• **Work item**
A verbatim reproduction of the lines below, from the line containing "PanzerGlass Clear Case" through the line containing "Beveled Crystal Cubic", both ends included, is the whole required output.

• **Exercise data**
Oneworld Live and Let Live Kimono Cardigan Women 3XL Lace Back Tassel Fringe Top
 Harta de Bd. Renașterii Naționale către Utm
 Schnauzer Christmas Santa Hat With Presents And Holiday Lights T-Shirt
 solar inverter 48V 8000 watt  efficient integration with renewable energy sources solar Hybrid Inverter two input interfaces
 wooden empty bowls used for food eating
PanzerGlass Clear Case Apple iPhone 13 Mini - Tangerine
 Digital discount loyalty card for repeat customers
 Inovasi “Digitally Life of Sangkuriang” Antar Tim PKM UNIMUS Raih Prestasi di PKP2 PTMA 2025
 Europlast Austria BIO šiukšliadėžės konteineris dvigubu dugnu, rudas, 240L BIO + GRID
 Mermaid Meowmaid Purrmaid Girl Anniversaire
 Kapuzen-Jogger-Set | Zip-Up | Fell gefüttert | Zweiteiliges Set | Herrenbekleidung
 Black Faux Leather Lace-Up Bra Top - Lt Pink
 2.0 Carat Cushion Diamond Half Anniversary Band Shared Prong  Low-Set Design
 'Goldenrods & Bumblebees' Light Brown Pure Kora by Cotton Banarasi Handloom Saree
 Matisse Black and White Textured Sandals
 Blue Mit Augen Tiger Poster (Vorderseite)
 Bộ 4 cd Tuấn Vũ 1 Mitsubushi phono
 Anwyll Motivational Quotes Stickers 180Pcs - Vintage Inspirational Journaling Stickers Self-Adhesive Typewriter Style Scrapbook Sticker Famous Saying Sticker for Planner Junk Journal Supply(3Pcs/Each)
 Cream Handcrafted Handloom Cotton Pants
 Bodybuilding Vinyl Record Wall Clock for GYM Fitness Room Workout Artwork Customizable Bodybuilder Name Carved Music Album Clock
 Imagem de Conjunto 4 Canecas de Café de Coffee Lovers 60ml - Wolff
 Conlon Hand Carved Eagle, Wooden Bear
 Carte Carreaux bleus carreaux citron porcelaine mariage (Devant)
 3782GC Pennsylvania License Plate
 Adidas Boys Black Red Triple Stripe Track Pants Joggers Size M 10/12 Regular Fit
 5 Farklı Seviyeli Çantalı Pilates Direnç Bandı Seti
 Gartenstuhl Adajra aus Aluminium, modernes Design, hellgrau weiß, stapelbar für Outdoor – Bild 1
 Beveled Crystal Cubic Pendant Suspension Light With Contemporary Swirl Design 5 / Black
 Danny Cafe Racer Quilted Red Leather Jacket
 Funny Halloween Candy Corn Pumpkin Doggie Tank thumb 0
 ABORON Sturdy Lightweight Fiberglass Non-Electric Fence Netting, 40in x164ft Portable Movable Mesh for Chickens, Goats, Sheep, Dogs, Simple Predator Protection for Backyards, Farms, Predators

• **Solved exercise**
PanzerGlass Clear Case Apple iPhone 13 Mini - Tangerine
 Digital discount loyalty card for repeat customers
 Inovasi “Digitally Life of Sangkuriang” Antar Tim PKM UNIMUS Raih Prestasi di PKP2 PTMA 2025
 Europlast Austria BIO šiukšliadėžės konteineris dvigubu dugnu, rudas, 240L BIO + GRID
 Mermaid Meowmaid Purrmaid Girl Anniversaire
 Kapuzen-Jogger-Set | Zip-Up | Fell gefüttert | Zweiteiliges Set | Herrenbekleidung
 Black Faux Leather Lace-Up Bra Top - Lt Pink
 2.0 Carat Cushion Diamond Half Anniversary Band Shared Prong  Low-Set Design
 'Goldenrods & Bumblebees' Light Brown Pure Kora by Cotton Banarasi Handloom Saree
 Matisse Black and White Textured Sandals
 Blue Mit Augen Tiger Poster (Vorderseite)
 Bộ 4 cd Tuấn Vũ 1 Mitsubushi phono
 Anwyll Motivational Quotes Stickers 180Pcs - Vintage Inspirational Journaling Stickers Self-Adhesive Typewriter Style Scrapbook Sticker Famous Saying Sticker for Planner Junk Journal Supply(3Pcs/Each)
 Cream Handcrafted Handloom Cotton Pants
 Bodybuilding Vinyl Record Wall Clock for GYM Fitness Room Workout Artwork Customizable Bodybuilder Name Carved Music Album Clock
 Imagem de Conjunto 4 Canecas de Café de Coffee Lovers 60ml - Wolff
 Conlon Hand Carved Eagle, Wooden Bear
 Carte Carreaux bleus carreaux citron porcelaine mariage (Devant)
 3782GC Pennsylvania License Plate
 Adidas Boys Black Red Triple Stripe Track Pants Joggers Size M 10/12 Regular Fit
 5 Farklı Seviyeli Çantalı Pilates Direnç Bandı Seti
 Gartenstuhl Adajra aus Aluminium, modernes Design, hellgrau weiß, stapelbar für Outdoor – Bild 1
 Beveled Crystal Cubic Pendant Suspension Light With Contemporary Swirl Design 5 / Black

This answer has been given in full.